**What the task asks:**
From the records below, please return each line that holds the word "Socket".

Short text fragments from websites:
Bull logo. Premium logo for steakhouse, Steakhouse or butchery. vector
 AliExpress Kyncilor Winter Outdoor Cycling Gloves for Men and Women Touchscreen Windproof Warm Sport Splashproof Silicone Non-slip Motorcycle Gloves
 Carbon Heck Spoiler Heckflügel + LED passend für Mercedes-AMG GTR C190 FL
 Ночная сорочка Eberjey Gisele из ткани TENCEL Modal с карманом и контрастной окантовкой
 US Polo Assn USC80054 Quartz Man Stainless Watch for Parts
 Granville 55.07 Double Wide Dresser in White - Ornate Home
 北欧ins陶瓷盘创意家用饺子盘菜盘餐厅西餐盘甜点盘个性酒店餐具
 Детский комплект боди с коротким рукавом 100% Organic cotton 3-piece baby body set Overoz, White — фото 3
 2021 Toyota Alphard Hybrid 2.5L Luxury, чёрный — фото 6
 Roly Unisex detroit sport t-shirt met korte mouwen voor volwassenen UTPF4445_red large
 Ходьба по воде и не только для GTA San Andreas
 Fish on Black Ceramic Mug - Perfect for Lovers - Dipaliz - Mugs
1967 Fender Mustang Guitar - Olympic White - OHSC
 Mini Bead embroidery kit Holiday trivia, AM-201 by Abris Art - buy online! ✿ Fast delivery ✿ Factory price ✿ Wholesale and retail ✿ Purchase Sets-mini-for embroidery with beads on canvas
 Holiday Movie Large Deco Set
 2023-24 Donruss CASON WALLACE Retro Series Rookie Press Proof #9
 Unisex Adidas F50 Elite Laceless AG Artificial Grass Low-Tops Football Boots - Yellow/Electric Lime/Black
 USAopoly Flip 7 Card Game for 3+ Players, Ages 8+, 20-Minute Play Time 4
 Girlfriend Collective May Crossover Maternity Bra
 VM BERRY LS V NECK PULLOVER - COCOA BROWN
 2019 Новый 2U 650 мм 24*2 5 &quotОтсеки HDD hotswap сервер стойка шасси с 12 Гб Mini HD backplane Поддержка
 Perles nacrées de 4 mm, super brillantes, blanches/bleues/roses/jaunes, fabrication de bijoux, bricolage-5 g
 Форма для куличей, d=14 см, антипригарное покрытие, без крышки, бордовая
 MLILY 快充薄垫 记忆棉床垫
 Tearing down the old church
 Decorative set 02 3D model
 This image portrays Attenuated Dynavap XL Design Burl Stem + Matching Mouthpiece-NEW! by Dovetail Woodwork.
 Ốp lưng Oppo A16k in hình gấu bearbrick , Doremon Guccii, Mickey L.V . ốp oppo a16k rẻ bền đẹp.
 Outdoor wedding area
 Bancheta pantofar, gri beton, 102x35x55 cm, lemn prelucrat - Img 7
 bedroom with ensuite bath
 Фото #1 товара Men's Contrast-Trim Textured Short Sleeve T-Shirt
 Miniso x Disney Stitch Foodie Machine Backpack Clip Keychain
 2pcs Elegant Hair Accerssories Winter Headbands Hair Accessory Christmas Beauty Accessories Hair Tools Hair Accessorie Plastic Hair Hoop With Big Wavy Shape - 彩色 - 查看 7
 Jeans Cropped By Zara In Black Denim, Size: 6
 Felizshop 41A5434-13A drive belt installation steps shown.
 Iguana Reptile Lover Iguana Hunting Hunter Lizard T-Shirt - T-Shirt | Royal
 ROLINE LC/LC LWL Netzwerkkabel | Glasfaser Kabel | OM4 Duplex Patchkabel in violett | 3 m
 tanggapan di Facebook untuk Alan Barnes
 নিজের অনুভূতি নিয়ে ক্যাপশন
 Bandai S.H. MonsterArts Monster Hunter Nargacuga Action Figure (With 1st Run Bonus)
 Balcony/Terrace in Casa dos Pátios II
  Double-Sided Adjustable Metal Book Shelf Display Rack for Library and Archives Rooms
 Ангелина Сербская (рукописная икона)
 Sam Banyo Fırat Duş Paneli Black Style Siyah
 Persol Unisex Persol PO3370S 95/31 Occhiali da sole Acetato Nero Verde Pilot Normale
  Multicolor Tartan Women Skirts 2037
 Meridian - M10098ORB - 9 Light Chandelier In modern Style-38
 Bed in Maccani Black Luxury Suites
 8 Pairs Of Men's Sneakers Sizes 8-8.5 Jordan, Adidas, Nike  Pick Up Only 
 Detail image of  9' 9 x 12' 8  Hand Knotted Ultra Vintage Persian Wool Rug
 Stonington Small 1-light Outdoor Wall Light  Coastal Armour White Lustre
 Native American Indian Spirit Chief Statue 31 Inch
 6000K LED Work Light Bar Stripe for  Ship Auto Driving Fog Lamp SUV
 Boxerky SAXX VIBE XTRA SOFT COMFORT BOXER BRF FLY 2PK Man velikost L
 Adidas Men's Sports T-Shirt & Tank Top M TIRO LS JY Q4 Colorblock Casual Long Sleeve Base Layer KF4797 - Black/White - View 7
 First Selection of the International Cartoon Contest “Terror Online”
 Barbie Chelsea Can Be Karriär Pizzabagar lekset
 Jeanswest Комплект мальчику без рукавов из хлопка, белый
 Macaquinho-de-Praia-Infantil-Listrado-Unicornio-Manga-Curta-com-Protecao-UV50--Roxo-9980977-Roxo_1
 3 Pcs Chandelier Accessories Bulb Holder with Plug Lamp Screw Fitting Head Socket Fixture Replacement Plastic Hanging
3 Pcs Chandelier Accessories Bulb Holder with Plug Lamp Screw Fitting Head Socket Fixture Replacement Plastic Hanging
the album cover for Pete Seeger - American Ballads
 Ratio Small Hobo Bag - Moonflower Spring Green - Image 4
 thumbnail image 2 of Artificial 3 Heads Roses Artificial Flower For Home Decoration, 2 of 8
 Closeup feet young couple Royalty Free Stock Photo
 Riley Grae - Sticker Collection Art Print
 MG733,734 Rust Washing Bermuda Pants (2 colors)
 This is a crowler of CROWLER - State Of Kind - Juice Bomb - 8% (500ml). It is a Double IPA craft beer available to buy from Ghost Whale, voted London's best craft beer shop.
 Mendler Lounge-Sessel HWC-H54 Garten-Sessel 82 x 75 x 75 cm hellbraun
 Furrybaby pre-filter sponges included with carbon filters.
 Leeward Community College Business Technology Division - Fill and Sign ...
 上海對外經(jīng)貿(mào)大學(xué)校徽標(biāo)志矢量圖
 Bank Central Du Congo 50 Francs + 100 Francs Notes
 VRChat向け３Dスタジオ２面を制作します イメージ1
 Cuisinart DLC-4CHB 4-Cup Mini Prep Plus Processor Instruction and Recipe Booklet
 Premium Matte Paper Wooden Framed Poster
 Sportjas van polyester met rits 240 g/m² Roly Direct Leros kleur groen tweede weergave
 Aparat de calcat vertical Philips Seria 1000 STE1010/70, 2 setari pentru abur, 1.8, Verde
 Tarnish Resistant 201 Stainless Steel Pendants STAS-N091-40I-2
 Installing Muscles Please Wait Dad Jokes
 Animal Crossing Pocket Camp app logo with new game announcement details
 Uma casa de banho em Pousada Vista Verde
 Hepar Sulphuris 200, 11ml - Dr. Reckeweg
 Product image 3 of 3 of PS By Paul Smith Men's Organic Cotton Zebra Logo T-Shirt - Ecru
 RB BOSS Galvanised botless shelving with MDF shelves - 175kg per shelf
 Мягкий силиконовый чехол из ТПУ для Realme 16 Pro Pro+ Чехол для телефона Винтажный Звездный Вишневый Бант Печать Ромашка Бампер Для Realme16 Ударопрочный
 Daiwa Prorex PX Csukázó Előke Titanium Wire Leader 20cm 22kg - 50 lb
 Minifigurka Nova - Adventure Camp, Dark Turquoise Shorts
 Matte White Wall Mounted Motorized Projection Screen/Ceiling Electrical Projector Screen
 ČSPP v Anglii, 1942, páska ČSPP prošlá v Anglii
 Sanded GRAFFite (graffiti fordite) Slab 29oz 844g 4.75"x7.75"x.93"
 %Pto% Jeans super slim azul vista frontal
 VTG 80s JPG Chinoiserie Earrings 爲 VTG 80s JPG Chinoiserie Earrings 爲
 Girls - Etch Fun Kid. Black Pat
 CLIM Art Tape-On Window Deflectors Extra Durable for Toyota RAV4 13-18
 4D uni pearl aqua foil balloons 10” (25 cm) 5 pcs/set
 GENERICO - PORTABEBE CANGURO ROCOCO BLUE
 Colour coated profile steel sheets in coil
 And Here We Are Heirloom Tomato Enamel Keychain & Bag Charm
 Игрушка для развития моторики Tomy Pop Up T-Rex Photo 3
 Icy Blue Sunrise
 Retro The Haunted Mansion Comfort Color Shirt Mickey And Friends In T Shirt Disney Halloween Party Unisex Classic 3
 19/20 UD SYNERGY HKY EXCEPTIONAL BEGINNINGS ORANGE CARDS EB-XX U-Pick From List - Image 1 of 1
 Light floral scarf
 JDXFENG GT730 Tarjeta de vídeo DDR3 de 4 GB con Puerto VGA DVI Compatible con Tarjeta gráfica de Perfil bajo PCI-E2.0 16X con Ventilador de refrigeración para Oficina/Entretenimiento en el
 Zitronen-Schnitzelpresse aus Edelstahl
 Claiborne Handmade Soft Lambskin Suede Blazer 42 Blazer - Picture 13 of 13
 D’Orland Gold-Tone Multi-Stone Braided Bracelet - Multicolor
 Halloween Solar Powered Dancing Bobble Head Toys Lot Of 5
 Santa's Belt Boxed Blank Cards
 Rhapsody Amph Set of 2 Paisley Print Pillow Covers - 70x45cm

**Your response:**
 3 Pcs Chandelier Accessories Bulb Holder with Plug Lamp Screw Fitting Head Socket Fixture Replacement Plastic Hanging
3 Pcs Chandelier Accessories Bulb Holder with Plug Lamp Screw Fitting Head Socket Fixture Replacement Plastic Hanging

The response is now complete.